Unlike other providers, Deepseek does promise that they will lower the price when their Huawei cards arrive in a few more months.

flakiness6d ago

Give me a link. Cannot wait. One PSA is that they have 75% discount right now so it is already cheaper than the full price.

npn6d ago

Weird, last time I checked it was right on the pricing page.

But even when it happens I doubt it would be as cheap as it is right now. Enjoy it while it lasts!

ls6126d ago

Anyone can host Deepseek V4 on rented GPUs and sell inference on it. Price will very quickly converge to the marginal cost of inference. This is as close to a pure commodity as it gets in the AI space so competitive market economics will put in work. Same is true for any open-weights model.

ai_fry_ur_brainOP6d ago

You dont understand the costs involved to run inference at scale

Please go run some numbers.The hardware needed to Run Deepseek v4 flash at 20 tps for a single session is nowhere close to what is required to run it at 50tps for 5,000 concurrent sessions.

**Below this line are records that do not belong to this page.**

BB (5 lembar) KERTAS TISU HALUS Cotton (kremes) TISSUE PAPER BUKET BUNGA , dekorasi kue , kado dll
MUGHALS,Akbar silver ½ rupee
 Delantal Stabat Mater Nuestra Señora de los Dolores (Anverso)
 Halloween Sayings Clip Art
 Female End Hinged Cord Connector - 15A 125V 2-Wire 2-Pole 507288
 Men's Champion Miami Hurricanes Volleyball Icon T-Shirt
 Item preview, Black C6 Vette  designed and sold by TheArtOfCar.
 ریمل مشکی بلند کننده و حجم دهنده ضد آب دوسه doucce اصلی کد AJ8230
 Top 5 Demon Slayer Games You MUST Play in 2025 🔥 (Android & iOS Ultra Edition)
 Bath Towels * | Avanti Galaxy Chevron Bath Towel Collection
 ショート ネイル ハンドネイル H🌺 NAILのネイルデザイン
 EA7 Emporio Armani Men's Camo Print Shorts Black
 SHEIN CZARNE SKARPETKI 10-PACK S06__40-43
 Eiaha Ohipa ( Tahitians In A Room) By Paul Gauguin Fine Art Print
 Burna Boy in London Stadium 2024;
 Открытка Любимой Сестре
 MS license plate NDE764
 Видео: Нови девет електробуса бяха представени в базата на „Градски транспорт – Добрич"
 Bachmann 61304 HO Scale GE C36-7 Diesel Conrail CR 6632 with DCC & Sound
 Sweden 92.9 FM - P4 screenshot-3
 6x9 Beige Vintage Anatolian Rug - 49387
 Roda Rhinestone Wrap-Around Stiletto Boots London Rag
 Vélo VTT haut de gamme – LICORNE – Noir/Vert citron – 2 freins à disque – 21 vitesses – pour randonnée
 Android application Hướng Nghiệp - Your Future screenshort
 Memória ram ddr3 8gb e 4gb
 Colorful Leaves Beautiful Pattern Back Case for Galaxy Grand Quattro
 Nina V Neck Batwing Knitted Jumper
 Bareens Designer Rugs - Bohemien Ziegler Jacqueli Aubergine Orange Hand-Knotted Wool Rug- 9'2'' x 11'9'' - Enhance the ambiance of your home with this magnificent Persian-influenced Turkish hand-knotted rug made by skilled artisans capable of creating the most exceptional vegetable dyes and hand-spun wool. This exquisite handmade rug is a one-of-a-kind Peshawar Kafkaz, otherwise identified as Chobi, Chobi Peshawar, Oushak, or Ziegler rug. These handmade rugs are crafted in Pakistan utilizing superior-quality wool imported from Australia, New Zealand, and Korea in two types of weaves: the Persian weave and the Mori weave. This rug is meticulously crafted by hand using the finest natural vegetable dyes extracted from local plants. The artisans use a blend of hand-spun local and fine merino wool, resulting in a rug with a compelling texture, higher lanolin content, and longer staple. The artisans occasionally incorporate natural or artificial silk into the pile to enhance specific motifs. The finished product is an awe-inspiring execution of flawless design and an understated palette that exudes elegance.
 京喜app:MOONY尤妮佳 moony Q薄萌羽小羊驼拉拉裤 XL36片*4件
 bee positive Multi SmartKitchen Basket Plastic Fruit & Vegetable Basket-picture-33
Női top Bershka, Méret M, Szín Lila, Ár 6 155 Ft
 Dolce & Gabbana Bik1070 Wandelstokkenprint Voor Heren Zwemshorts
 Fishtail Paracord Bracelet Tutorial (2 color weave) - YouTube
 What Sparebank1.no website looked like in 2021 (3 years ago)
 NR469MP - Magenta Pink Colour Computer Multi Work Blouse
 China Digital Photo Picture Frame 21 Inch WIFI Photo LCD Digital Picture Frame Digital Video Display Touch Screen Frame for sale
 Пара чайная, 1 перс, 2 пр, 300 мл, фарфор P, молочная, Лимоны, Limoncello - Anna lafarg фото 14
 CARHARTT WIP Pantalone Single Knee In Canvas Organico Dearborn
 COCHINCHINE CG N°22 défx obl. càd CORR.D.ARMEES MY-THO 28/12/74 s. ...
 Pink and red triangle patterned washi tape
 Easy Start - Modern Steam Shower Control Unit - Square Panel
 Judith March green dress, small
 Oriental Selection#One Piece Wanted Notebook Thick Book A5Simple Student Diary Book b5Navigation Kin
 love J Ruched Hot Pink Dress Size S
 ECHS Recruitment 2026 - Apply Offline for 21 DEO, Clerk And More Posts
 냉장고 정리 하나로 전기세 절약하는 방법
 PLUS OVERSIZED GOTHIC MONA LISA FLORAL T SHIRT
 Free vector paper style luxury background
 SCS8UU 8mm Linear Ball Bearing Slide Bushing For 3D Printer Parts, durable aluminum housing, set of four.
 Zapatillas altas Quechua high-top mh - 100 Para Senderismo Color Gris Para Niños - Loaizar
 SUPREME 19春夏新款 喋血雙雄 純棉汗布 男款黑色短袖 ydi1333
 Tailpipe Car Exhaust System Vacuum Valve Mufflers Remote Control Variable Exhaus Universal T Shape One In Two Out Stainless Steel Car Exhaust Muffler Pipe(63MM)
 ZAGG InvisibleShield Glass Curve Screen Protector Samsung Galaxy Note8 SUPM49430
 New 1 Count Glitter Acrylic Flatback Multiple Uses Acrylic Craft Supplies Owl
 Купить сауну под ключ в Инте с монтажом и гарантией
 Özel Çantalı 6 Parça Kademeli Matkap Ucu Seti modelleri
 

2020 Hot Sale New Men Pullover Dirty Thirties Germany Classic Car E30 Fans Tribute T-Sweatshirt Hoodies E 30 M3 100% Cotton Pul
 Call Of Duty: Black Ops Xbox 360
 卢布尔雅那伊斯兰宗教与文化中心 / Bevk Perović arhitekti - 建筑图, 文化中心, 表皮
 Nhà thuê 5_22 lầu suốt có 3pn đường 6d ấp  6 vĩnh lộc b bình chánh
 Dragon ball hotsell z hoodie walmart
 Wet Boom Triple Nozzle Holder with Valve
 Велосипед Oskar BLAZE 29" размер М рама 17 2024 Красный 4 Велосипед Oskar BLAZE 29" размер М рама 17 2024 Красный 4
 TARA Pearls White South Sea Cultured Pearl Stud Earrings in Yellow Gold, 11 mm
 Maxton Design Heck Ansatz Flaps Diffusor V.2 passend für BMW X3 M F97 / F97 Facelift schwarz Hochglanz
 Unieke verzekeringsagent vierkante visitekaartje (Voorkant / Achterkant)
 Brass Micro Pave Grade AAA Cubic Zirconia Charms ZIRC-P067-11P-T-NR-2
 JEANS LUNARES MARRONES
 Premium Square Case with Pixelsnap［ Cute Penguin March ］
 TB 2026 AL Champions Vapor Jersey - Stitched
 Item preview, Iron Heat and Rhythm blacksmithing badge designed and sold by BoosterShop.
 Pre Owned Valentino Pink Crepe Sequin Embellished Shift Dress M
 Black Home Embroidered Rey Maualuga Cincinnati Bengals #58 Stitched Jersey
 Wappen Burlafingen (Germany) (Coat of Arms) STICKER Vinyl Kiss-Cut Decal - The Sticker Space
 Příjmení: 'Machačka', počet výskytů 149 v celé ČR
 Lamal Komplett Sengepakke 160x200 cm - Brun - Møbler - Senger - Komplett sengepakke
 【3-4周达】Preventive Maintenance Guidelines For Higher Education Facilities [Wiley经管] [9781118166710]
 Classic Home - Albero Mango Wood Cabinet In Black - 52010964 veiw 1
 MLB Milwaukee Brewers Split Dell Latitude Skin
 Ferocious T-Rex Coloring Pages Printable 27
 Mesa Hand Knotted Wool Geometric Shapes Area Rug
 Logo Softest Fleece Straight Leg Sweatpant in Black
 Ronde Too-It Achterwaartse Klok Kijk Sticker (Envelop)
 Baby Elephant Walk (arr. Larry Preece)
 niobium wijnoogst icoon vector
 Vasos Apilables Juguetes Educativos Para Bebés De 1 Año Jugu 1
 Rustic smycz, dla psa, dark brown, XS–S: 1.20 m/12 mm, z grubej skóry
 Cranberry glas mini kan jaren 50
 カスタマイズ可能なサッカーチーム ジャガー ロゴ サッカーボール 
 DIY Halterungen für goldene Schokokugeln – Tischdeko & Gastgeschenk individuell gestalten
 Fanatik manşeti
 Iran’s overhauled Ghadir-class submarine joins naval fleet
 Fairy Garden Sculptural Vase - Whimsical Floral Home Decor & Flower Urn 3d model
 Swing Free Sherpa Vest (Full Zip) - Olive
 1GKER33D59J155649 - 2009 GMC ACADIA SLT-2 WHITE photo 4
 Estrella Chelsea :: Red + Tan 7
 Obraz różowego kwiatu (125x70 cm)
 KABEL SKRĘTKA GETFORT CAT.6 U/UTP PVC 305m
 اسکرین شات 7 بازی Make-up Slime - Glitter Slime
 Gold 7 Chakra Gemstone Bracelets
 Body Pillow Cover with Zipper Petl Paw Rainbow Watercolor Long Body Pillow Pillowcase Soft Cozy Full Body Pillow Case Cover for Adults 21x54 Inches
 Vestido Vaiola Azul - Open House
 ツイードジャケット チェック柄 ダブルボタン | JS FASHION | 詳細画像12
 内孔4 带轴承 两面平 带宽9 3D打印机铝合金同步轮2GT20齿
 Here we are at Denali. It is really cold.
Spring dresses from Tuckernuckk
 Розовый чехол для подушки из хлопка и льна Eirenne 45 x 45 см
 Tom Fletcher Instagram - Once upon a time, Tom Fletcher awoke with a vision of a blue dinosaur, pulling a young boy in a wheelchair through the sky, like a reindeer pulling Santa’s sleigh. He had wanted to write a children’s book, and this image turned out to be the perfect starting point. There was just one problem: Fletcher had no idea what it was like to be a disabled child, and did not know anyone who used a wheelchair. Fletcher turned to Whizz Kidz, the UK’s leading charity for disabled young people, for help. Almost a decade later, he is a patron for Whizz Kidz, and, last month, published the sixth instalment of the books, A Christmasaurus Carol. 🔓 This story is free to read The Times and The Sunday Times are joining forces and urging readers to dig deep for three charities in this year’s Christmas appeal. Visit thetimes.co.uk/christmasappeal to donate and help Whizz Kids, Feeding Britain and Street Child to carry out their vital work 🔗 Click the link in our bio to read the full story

Imagine what it takes to be profitible when running at 150 tps for 30cents per 1mm. You make less than 1k per month and the hardware required to run that cost 10k a month to rent with hardly any concurrent session capability.

gpugreg6d ago

> Please go run some numbers.

- DeepSeek serves DeepSeek V4 Pro at 27 tps: https://openrouter.ai/deepseek/deepseek-v4-pro

- At 27 tps per user, a B300 GPUS will give you around 800 tokens per second (serving 30 users): https://developer-blogs.nvidia.com/wp-content/uploads/2026/0...

- That's 800 * 60 * 60 generated tokens per hour, at a cost of $0.87 per 1M tokens, or $2.50 per hour.

- For input and output tokens, the math is a bit more complicated because we have to make assumptions about their ratio. Using the published values from OpenCode, we get another $2.50 for cached tokens (which are almost free for DeepSeek) and another $3.40 for input tokens (which are a lot cheaper to compute than output tokens), which gives us a total of $8.50 per hour per B300 GPU.

- B300 GPUs can be rented for as low as $3.40 per hour, which is less than $8.50, so hosting DeepSeek V4 Pro is profitable.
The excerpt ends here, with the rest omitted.